Soon after 1759, 35 Scots-Irish proprietors from Londonderry, New Hampshire, bought a parcel of land at the mouth of the Passagassawakeag River on Penobscot Bay that they renamed Belfast. Two hundred fifty years of rich history later, it is a picturesque fishing village worth a day’s walk-around, and several days if you are a blogger in search of the odd or curious.
The first odd thing I spied at the town’s only traffic light was an unusual bench.
It might be difficult to discern that these chairs are configured as fish traps.
The small plaque adjacent to the rock reads. “Rock on Bruce’s Spring Seat.”
I learned that Belfast has more than its fair share of artistic folk. Galleries and stores selling local crafts are the most prevalent business in Belfast. Creativity and her twin, Eccentricity, maintain a year-round residence here. It seems every few years someone gets an idea for some uncommon creative expression.
I’ve not seen benches as an art form anywhere else. And I applaud the grass roots quality of Belfast’s creative expression.
OBTW, this is not a town without a sense of humor.
You got it, right?
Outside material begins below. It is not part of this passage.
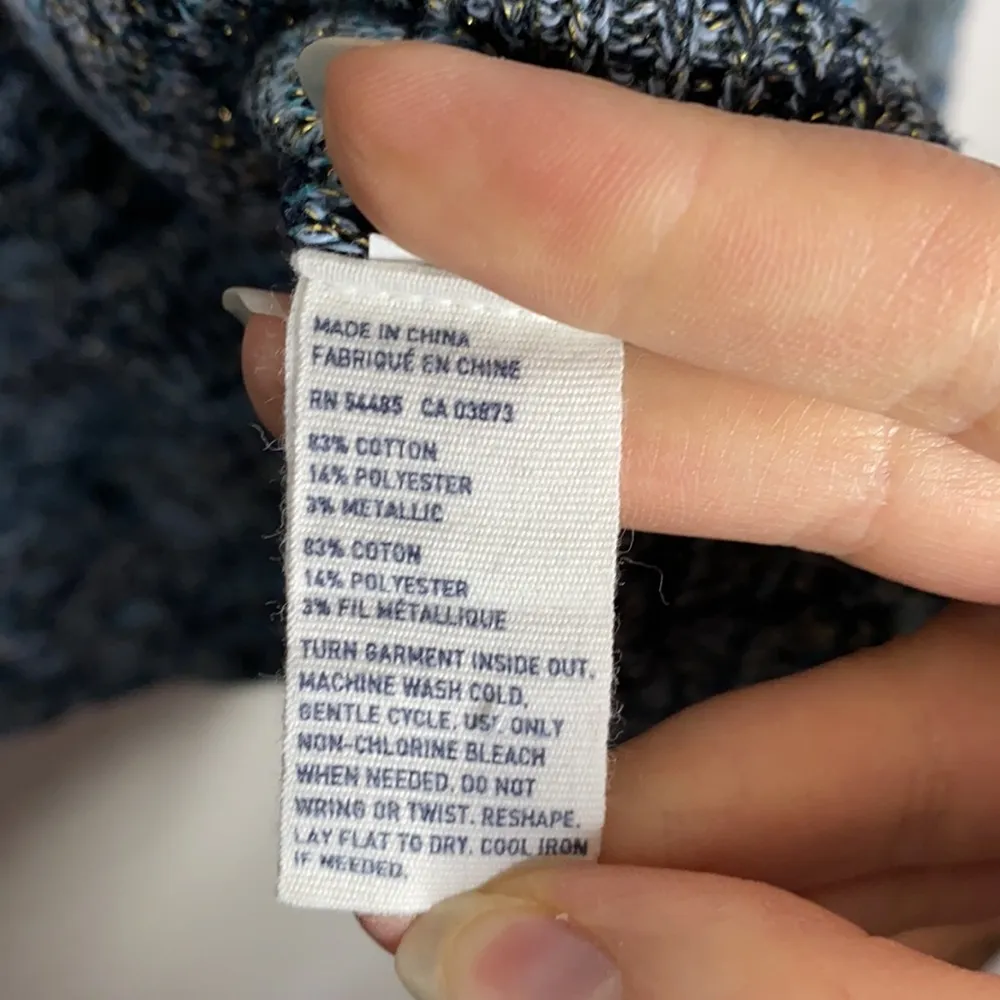 American Eagle Fireside marled speckled sweater with gold thread size XS - Image 89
Water Loo >>> Public Restroom.
I am on the scent of other blog topics for Belfast.
•The book festival next weekend is promising.
•How a town of fewer than 7000 people supports seven bookstores is a question worth pursuing.
•Recently, the town built a quarter-mile walking bridge across the harbor dedicated to the memory of their World War One heroic dead.
•The town was a major builder of three- and four-masted schooners.